## Work task
Apart from the pictures, every entry below should be repeated exactly.

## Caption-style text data
........
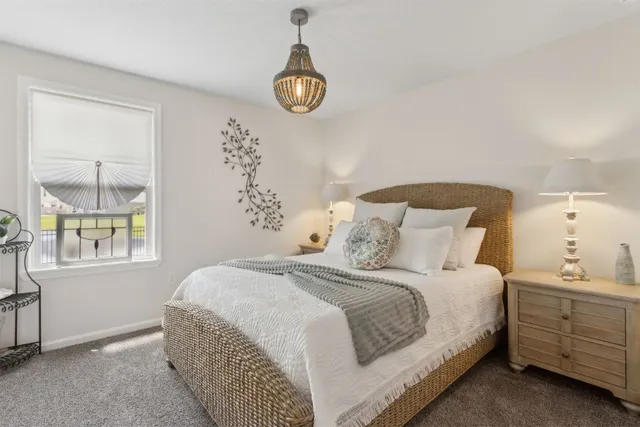 a bedroom with a large bed and a chandelier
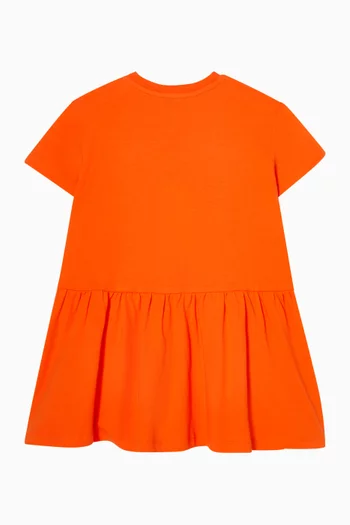 فستان مزين بزهرة وشعار الماركة قطن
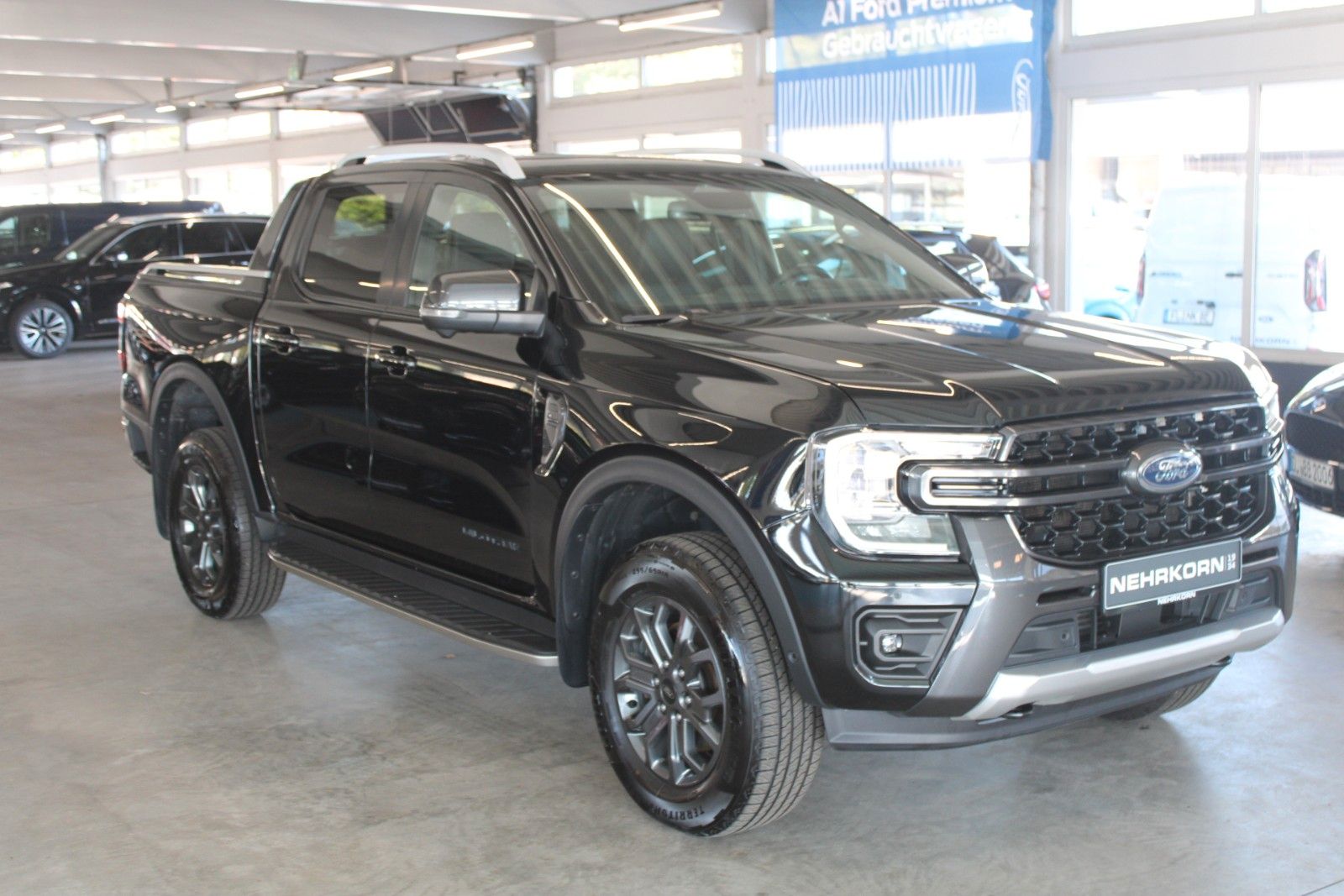 Fahrzeugabbildung Ford Ranger Wildtrak Automatik AHK Leder ACC STDHZ
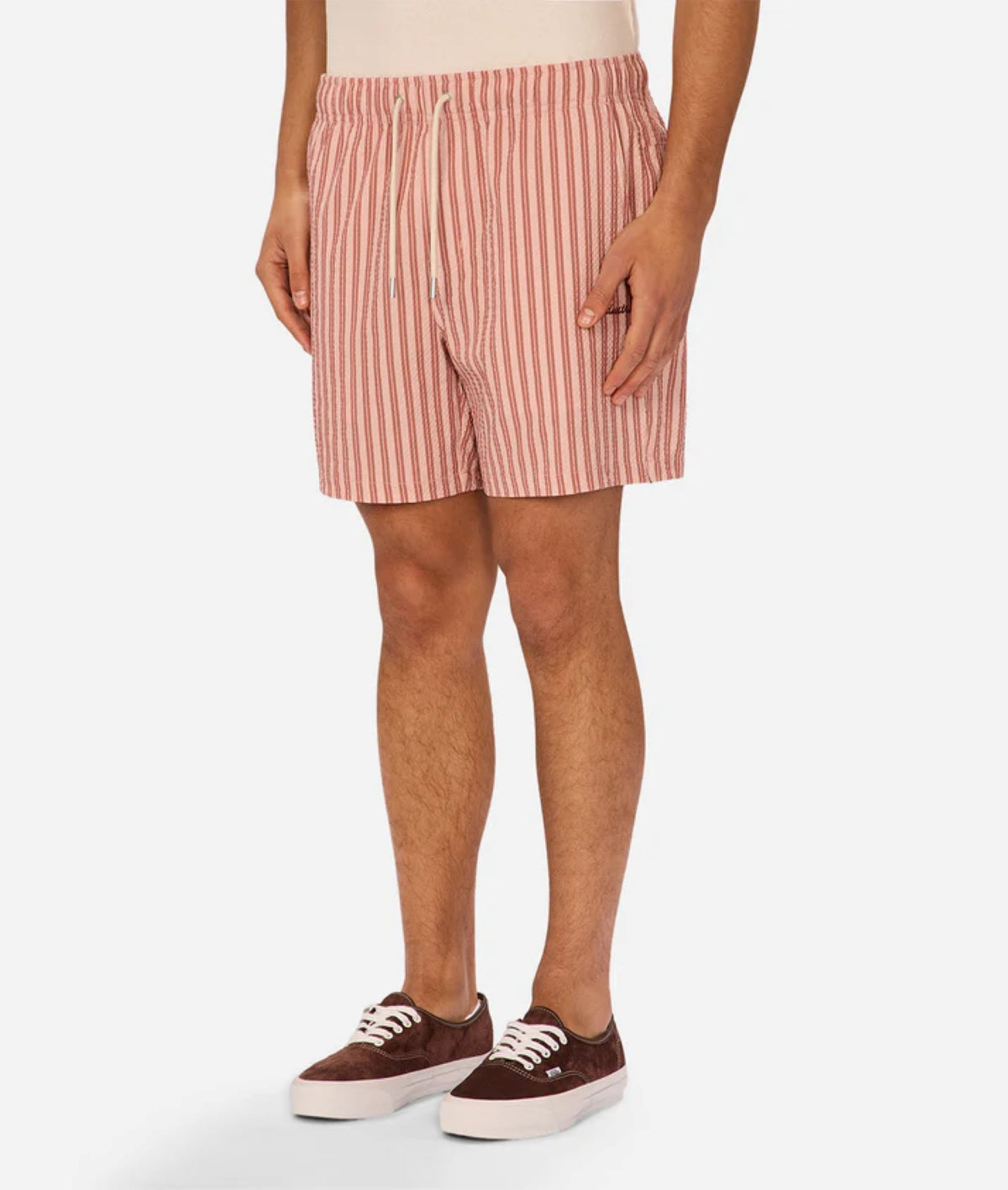A person stands against a plain background wearing Industrie’s Berkeley Swim Short, featuring red and white vertical stripes and a drawstring, paired with brown sneakers with white soles.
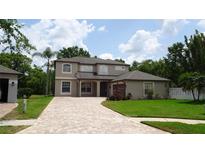 Beautiful two-story home with a brick paved driveway and lush landscaping at 3914 Roswell Pl, Land O Lakes, FL 34639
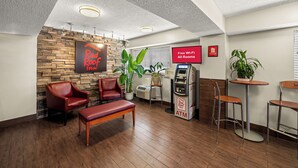 A Red Roof Inn lobby with leather chairs, a wooden bench, an ATM, and a sign indicating free Wi-Fi in all rooms. - Red Roof Inn Dallas - DFW Airport North (Irving)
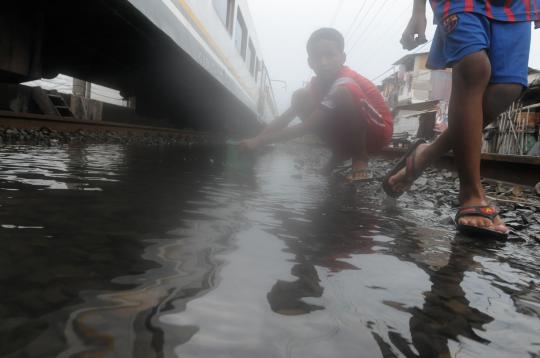 Rel kereta tergenang air, warga Kampung Bandan asyik cari ikan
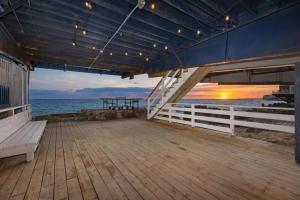 a deck of a cruise ship with the ocean at Malibu Beachfront Home with Rock Spa Ocean Views & Huge Deck in Malibu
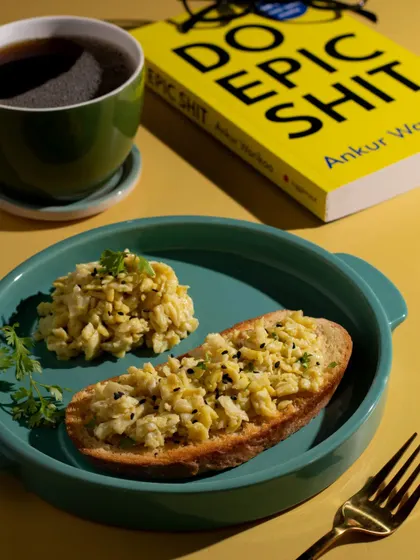 A simple, classic breakfast of scrambled eggs on toast. The bright, cheerful styling with a book and a cup of black coffee creates a relatable and appealing morning scene.
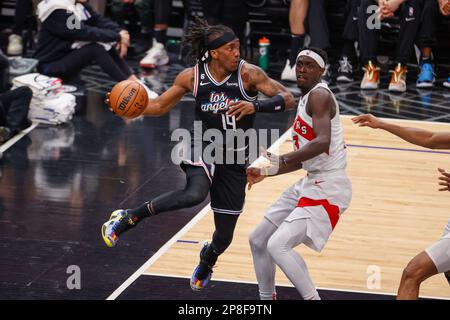 Der Los Angeles Clippers Guard Terance Mann (L) sieht beim Pass zu, während er von Toronto Raptors Forward Pascal Siakam (R) während eines NBA-Basketballspiels in der Crypto.com Arena in Los Angeles am Dienstag, den 8. März 2023 verteidigt wird. Stockfoto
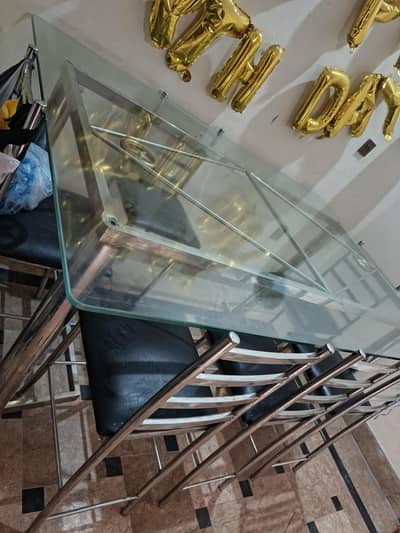 Steel Dining table almost 8 seater with 6 chairs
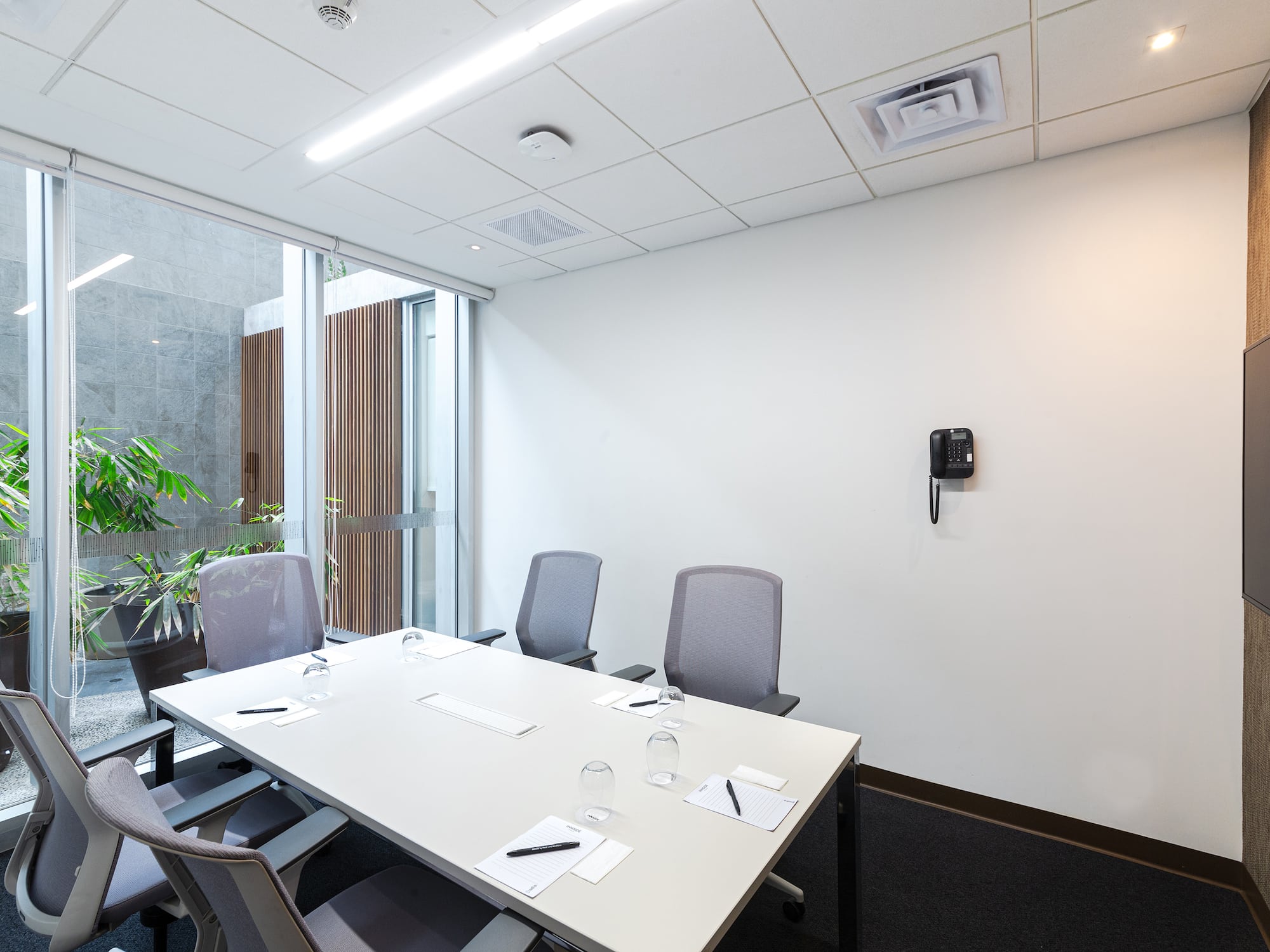 a conference room with a table and chairs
........
## Answer box
 a bedroom with a large bed and a chandelier
 فستان مزين بزهرة وشعار الماركة قطن
 Fahrzeugabbildung Ford Ranger Wildtrak Automatik AHK Leder ACC STDHZ
A person stands against a plain background wearing Industrie’s Berkeley Swim Short, featuring red and white vertical stripes and a drawstring, paired with brown sneakers with white soles.
 Beautiful two-story home with a brick paved driveway and lush landscaping at 3914 Roswell Pl, Land O Lakes, FL 34639
 A Red Roof Inn lobby with leather chairs, a wooden bench, an ATM, and a sign indicating free Wi-Fi in all rooms. - Red Roof Inn Dallas - DFW Airport North (Irving)
 Rel kereta tergenang air, warga Kampung Bandan asyik cari ikan
 a deck of a cruise ship with the ocean at Malibu Beachfront Home with Rock Spa Ocean Views & Huge Deck in Malibu
 A simple, classic breakfast of scrambled eggs on toast. The bright, cheerful styling with a book and a cup of black coffee creates a relatable and appealing morning scene.
 Der Los Angeles Clippers Guard Terance Mann (L) sieht beim Pass zu, während er von Toronto Raptors Forward Pascal Siakam (R) während eines NBA-Basketballspiels in der Crypto.com Arena in Los Angeles am Dienstag, den 8. März 2023 verteidigt wird. Stockfoto
 Steel Dining table almost 8 seater with 6 chairs
 a conference room with a table and chairs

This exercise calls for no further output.